TRY IT - Could you transcribe all the entries exactly, omitting the pictures?

(Records drawn from a dataset)
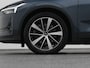 Polestar 2 Long Range Dual Motor Launch Edition 78kWh | PANO | 360° | H&K | ADAPTIVE | STOEL- EN STUURVERW.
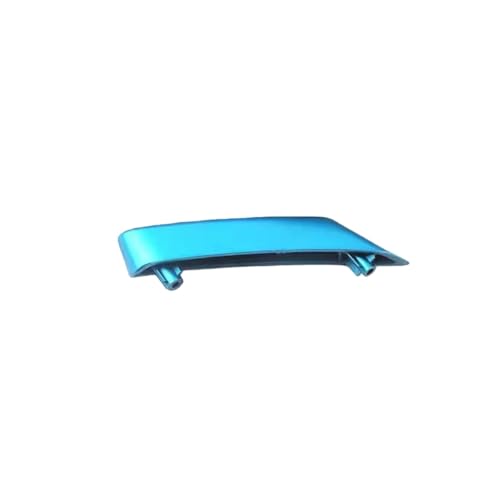 Accessoire de moto aile fixe de carénage latéral gauche droit 675SS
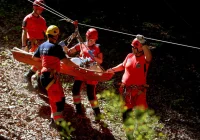Akcje ratownicze w górach nie będą płatne - zdjęcie główne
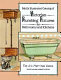 Mott's illustrated catalog of Victorian plumbing fixtures for bathrooms and kitchens /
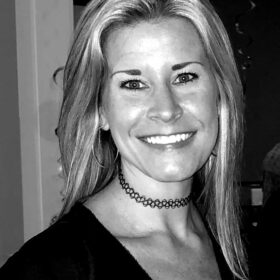 Brittney-Polk-Headshot-blackwhite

WRITTEN ANSWER -
 Polestar 2 Long Range Dual Motor Launch Edition 78kWh | PANO | 360° | H&K | ADAPTIVE | STOEL- EN STUURVERW.
 Accessoire de moto aile fixe de carénage latéral gauche droit 675SS
Akcje ratownicze w górach nie będą płatne - zdjęcie główne
 Mott's illustrated catalog of Victorian plumbing fixtures for bathrooms and kitchens /
 Brittney-Polk-Headshot-blackwhite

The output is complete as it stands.